What to work on:
Below are entries; copy exactly the lines from the one with "Fierce brown bear" through the one with "Men's Fleece-Lined Wide-Leg", both included, and leave out the rest.

Given records:
= = = = = = =
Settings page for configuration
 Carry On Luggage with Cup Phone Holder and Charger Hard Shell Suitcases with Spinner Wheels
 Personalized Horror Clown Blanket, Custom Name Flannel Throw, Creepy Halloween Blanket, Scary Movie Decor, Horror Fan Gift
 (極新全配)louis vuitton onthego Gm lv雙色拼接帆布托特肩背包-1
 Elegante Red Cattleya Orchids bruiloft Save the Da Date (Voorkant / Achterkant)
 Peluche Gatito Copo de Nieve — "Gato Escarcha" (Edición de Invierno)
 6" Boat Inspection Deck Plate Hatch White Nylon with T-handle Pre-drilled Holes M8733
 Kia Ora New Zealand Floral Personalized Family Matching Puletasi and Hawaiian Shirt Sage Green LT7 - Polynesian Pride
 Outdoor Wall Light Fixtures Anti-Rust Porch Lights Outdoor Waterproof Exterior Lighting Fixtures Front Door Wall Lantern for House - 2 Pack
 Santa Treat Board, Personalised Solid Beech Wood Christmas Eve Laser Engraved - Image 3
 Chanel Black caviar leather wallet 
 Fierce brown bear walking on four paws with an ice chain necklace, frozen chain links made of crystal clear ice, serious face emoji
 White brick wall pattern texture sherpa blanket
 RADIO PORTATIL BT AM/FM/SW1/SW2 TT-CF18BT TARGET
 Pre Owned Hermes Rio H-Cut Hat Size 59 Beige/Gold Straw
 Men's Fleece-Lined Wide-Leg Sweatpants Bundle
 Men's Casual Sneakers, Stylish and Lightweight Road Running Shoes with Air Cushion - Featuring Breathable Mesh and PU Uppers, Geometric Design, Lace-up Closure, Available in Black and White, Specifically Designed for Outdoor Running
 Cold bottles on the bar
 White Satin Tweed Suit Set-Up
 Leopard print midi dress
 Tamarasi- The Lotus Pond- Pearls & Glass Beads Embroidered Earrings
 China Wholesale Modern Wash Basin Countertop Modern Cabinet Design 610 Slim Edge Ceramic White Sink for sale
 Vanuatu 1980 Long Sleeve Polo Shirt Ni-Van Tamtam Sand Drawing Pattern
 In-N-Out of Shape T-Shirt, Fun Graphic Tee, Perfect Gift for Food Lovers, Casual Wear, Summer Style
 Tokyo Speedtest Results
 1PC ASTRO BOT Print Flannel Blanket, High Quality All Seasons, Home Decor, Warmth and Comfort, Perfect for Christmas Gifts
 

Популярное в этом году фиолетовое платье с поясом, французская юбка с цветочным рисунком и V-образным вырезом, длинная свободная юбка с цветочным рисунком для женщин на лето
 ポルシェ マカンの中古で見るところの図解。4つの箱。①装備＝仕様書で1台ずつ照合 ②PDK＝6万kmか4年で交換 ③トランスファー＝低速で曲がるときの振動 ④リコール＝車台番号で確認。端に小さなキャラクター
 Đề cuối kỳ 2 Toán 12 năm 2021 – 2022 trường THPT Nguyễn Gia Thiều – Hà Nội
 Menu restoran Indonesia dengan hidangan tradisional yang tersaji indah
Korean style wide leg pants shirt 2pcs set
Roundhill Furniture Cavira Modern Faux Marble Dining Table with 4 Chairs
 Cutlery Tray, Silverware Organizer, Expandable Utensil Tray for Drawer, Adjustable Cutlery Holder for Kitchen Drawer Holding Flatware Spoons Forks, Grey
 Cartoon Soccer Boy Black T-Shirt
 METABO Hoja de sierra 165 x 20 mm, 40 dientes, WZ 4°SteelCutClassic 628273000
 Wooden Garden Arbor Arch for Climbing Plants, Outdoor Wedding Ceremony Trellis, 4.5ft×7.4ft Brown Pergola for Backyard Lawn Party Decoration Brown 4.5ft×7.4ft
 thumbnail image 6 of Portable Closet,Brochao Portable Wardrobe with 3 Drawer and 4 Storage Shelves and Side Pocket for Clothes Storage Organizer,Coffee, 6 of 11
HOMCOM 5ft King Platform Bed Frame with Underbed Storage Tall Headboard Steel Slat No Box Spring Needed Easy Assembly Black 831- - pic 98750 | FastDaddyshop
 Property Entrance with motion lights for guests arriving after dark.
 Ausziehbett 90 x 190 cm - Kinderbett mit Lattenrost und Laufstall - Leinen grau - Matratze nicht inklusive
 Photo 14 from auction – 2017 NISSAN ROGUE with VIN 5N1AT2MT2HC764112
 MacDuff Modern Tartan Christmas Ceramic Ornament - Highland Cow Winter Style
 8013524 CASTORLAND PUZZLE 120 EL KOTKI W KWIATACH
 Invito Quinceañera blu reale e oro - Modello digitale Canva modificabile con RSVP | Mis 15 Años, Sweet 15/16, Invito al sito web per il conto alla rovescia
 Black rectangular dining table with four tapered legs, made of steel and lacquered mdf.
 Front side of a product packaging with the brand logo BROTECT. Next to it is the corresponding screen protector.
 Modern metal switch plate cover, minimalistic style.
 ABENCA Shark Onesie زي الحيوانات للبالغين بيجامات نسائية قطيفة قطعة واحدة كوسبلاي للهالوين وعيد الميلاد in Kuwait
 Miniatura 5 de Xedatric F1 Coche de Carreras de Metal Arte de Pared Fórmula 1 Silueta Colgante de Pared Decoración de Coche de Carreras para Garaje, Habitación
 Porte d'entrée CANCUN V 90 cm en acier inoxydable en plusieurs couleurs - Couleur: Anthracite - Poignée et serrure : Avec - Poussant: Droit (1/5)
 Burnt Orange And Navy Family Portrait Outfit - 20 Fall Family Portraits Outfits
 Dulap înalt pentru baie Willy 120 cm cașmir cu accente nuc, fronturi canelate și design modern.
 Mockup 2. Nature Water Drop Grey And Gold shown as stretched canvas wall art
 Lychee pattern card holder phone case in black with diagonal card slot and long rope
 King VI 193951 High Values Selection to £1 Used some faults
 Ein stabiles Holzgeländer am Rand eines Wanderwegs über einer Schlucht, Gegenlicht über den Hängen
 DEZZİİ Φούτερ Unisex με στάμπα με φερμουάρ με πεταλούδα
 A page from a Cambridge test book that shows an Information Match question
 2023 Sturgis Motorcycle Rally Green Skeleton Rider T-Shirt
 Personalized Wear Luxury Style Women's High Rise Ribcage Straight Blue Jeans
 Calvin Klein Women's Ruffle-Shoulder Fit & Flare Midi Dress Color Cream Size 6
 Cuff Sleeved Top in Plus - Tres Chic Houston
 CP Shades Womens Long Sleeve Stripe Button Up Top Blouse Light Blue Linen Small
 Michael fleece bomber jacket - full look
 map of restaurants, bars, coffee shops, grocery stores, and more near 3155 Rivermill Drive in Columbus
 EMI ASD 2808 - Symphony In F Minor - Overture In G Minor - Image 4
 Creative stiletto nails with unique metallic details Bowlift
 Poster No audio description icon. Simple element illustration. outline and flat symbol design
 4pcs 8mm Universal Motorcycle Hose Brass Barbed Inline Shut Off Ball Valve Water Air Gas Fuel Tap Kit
= = = = = = =
Answer area:
 Fierce brown bear walking on four paws with an ice chain necklace, frozen chain links made of crystal clear ice, serious face emoji
 White brick wall pattern texture sherpa blanket
 RADIO PORTATIL BT AM/FM/SW1/SW2 TT-CF18BT TARGET
 Pre Owned Hermes Rio H-Cut Hat Size 59 Beige/Gold Straw
 Men's Fleece-Lined Wide-Leg Sweatpants Bundle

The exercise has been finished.